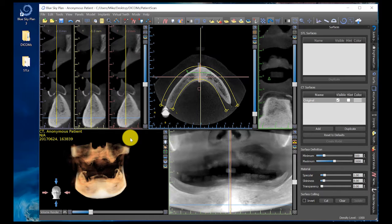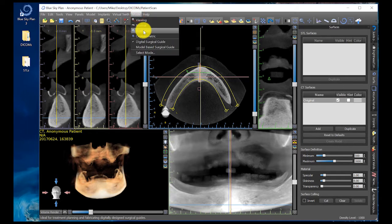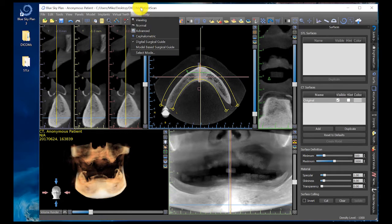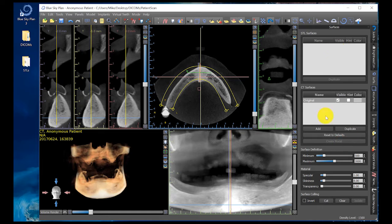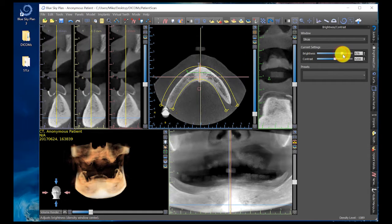First step, I like to go ahead and merge my second cone beam scan on top of this first one, but we need to get ready for that first. If you don't see the screen shown, make sure you click on Mode, Advanced. Also make sure Mode, Digital Surgical Guide is selected. You may or may not see the Panels on the right-hand side. If you click on Panels, Brightness/Contrast, it's going to give you those functions. I want to turn it up a little bit because it always needs some tweaking.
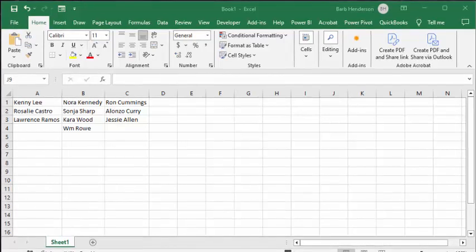In this video I'm going to show you how to create a tab strip and a multi-page user form in Excel. These features look very similar but they're quite different. The first thing I'm going to talk about is the tab strip.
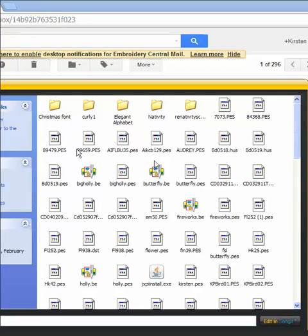Okay, I'm going to show you what it's like to have Thumbnailer from Embrilliance on your computer. It's really great for embroidery.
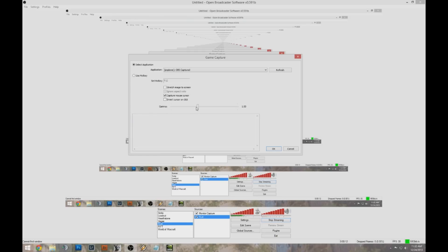You should see underneath a little tool for gamma. Pump it up to about 1.54, which I found to be the optimum so people can see at night and it doesn't get too funky on you.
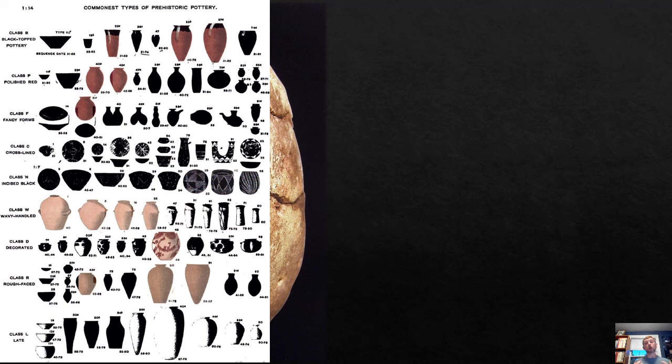So that's been your introduction to prehistoric Egypt. See me next time for the earliest phases of what we think of as classically Egyptian culture.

+--

Aim of the task => Of all the material above, only the lines from the one that has "Okay, I'm going" down to the one that has "You should see" are to be written out, exactly and with both ends included. Pictures are skipped.

Expected answer =>
Okay, I'm going to show you what it's like to have Thumbnailer from Embrilliance on your computer. It's really great for embroidery.
You should see underneath a little tool for gamma. Pump it up to about 1.54, which I found to be the optimum so people can see at night and it doesn't get too funky on you.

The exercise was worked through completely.